Ist es unter den skizzierten Rahmenbedingungen wirtschafts-und regionalpolitisch verantwortbar, die knapper werdenden Mittel der öffentlichen Hand für ein neues Kulturfestival zur Verfügung zu stellen?

Diese Frage ist mit einem klaren Ja zu beantworten. Immer mehr Zeichen sprechen dafür, daß der Kultursektor zur wirtschaftspolitisch interessanten Wachstumsbranche wird; es gibt jedoch dazu noch wenig fundierte ökonomische Untersuchungen für Österreich, weil die Auseinandersetzung mit der Kultur unter betriebswirtschaftlichen und volkswirtschaftlichen Aspekten noch sehr jung ist. Der Schweizer Nationalökonom Werner Pommer-hene datiert den Beginn der modernen Kunstökonomik mit Mitte der sechziger Jahre. Internationale Konferenzen der Association for Cultural Economics in den letzten zehn Jahren belegen den Stellenwert dieses neuen Forschungsbereiches zumindest in den USA. In der Zwischenzeit ist aber auch in Europa klar geworden, daß der Kulturbereich in mehrfacher Hinsicht starke wirtschaftliche Bezüge aufweist.

Die Realisierung von Kulturprojekten bedarf immer stärkeren betriebswirtschaftlichen Know-hows und wirtschaftlicher Unternehmensformen. Nicht nur für große internationale Festivals gilt, daß Kulturprojekte hinsichtlich einzelner Unternehmensfunktionen wie Marketing oder Logistik industrielle Formen annehmen. Wenn der Kulturschaffende nicht selbst als Unternehmer fungiert, so bedient er sich zumindest Unternehmen, wie Agenturen, Galerien, Verlage, Medien, um seinem Produkt zu Geltung und Erfolg zu verhelfen.
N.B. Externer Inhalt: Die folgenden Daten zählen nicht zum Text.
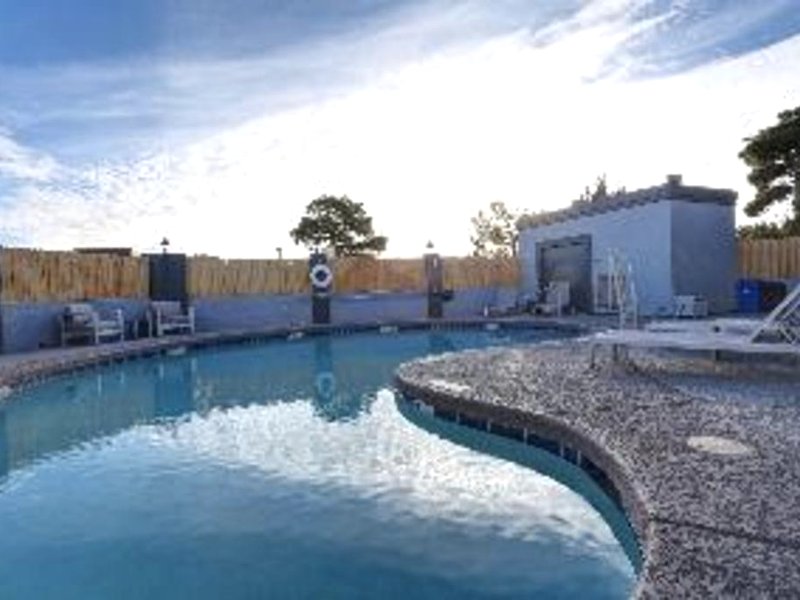 Arizona Inn of Prescott Valleyの写真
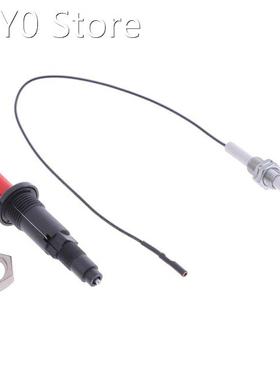 Push Button Piezo Ignitor Igniters Spark Ignition Stove BBQ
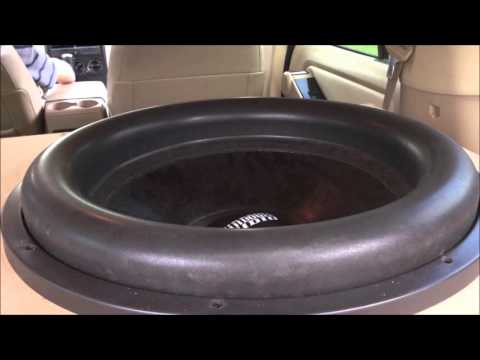 Gutter Brothers - Jaw Dropper (Slowed 34Hz)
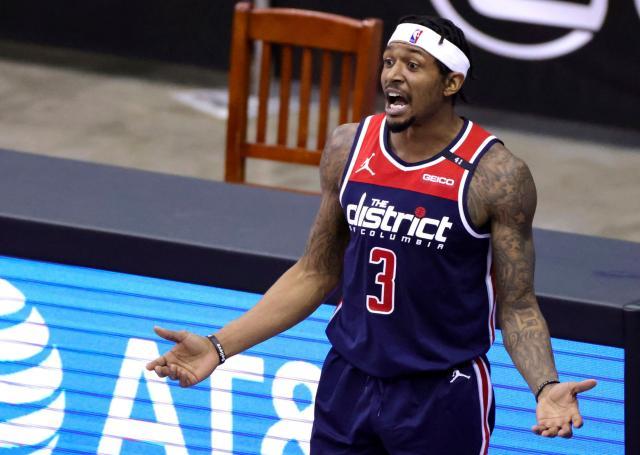 其成功故事 其成功故事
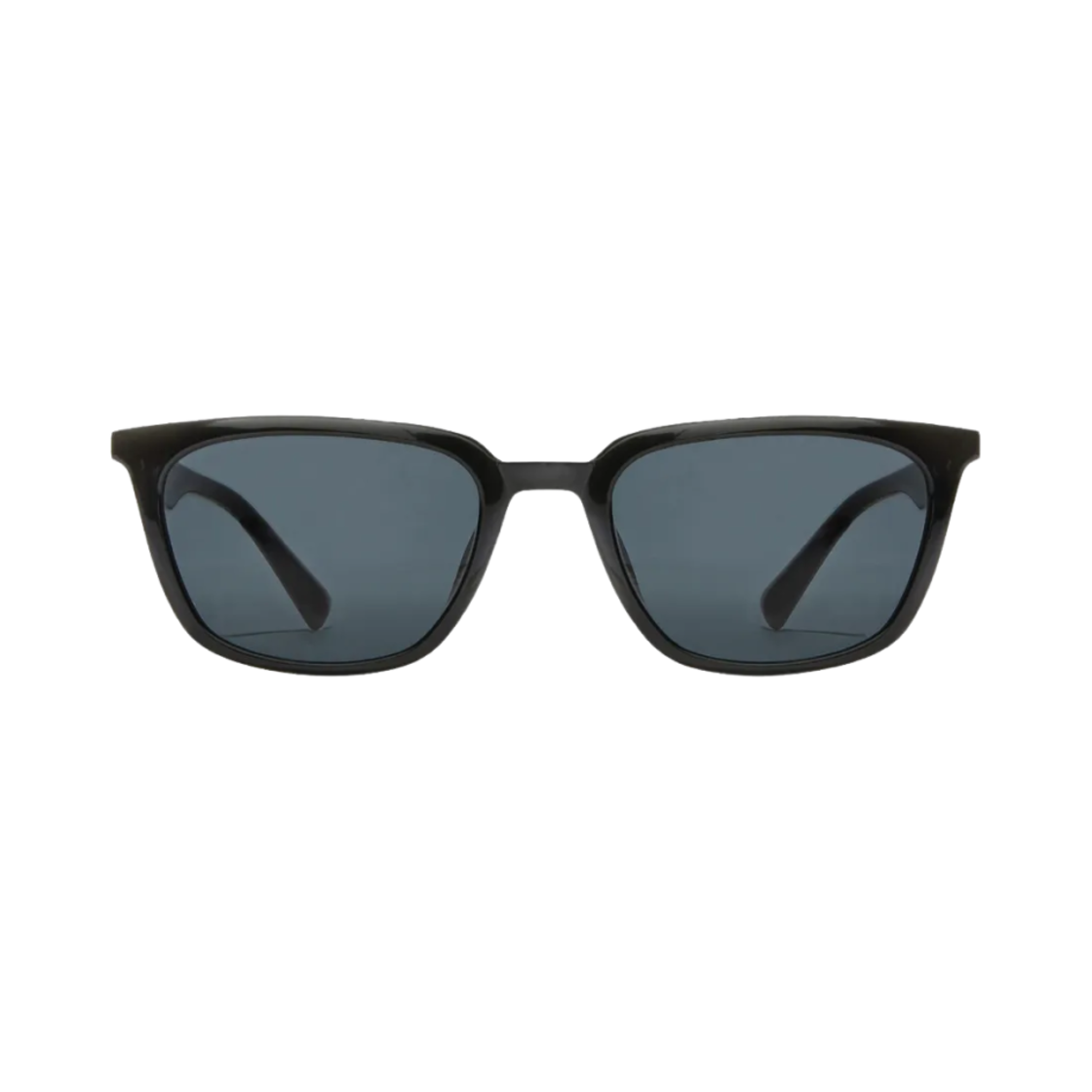 카린 크티스틴 S C1 블랙(Carin Kristen S C1 Black)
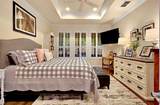 6361 Paragon Drive - Photo 28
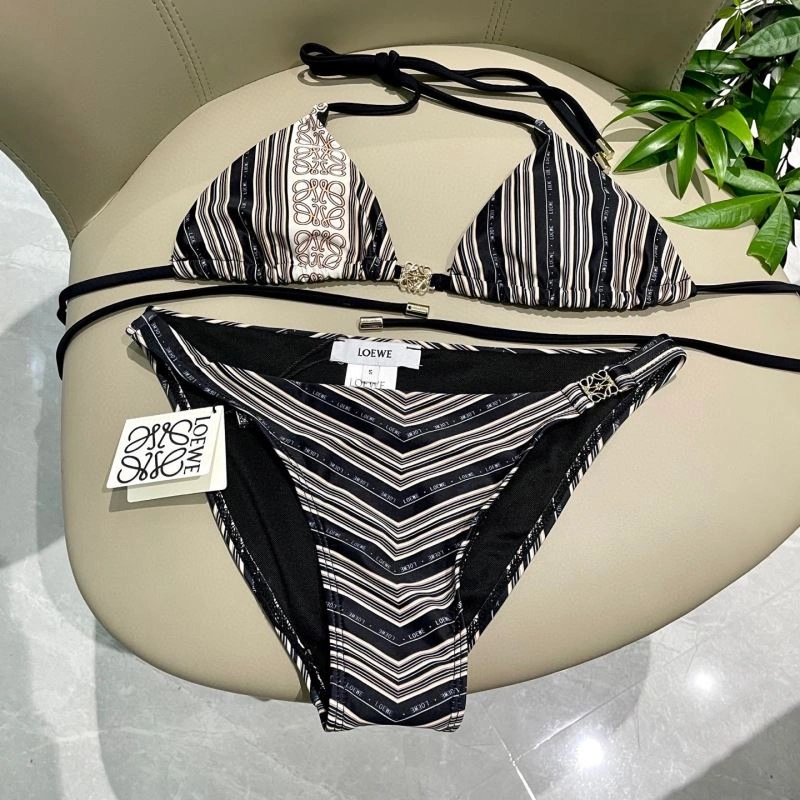 Loewe Bikins Soft 255790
Zwischen Kulturprojekten untereinander und zu anderen Wirtschaftsbereichen bestehen somit ausgeprägte Liefer- und Bezugsverflechtungen. Aufgrund der vielfältigen Verflechtungen kultureller Aktivitäten mit anderen Wirtschaftsbereichen dürften die Gesamteffekte beträchtlich sein. Zudem tritt noch eine Umwegrentabilität über den Kulturkonsumenten auf, der wiederum von anderen Wirtschaftsbereichen Leistungen bezieht - hier profitieren vor allem die Gastronomie und die Beherbergung. Lassen sich diese Effekte für Niederösterreich im Rahmen des Donaufestivals nutzen?

Das Donaufestival ist ein Kulturprojekt besonderer Art: Fünf Wochen lang werden über das ganze Land verteilt die unterschiedlichsten Einzelprojekte realisiert. Dementsprechend schwierig ist es, von vornherein die regionalwirtschaftlichen Effekte relativ genau abzuschätzen. Aber auch ohne eine solche Abschätzung sprechen einige Grundprinzipien bei der Projektrealisierung für maßgebliche regionalpolitische Impulse für das Bundesland.

Erstens ist durch die dezentrale Verteilung der Veranstaltungen gewährleistet, daß die entstehenden Effekte allen Landesteüen zugute kommen. Damit unterscheidet sich das Donaufestival ganz wesentlich von üblichen Kulturfestivals. Durch diese Konzeption besteht zudem die Chance, eine Vielzahl weiterer, nicht eigens für das Donaufestival in Angriff genommener Kulturprojekte im Land mit einzube-ziehen und diese unter dem gemeinsamen Markenbegriff zu vermarkten.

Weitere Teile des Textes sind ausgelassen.